Now, E-ZPass' operations are as smooth as freshly laid blacktop. The faulty fines are gone. An express service later this year will let drivers race through the toll booth at 60 mph. And costs are under control. "[ACS] is going to save us millions of dollars annually," says N.J. Turnpike Authority Executive Director Michael Lapolla.
Thanks to satisfied customers like New Jersey, ACS is one of the leaders in the market for business process outsourcing (BPO), in which companies farm out entire tasks to specialized firms. Besides toll collections, ACS takes over such jobs as accounting and medical claims processing for clients, ranging from Motorola Inc. to the U.S. government. Seventy percent of its $3 billion in sales comes from BPO work, a higher percentage than any other major player. "We're taking an area of the economy -- the services sector -- and making it more competitive," says Jeff Rich, CEO at ACS.
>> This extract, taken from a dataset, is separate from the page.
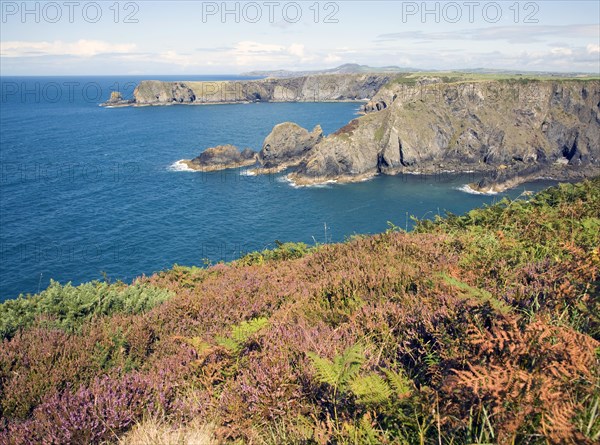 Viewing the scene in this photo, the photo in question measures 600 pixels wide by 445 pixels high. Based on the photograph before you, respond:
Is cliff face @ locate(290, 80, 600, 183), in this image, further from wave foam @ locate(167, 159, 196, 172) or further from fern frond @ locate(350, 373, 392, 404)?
fern frond @ locate(350, 373, 392, 404)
A key ingredient of the ACS formula is cheaper overseas labor. In 1997, ACS opened its first foreign facility, in Mexico. Today, it operates in eight countries, including Ghana, Barbados, and India. Overall, 30% of ACS's 40,000 workers are based overseas -- a far higher percentage than most of its U.S. rivals. ACS has "the most advanced offshore capability, which gives them a price advantage," says Goldman, Sachs & Co. analyst Gregory Gould.
That advantage shows up on the bottom line. Goldman Sachs estimates ACS's sales will grow 26%, to $3.9 billion this year, with net income surging 33%, to $305 million. To keep ACS rolling, Rich plans to find more non-U.S. customers, shift more resources overseas, and further develop software that automates business operations. He seems to be on track. Just ask New Jersey commuters.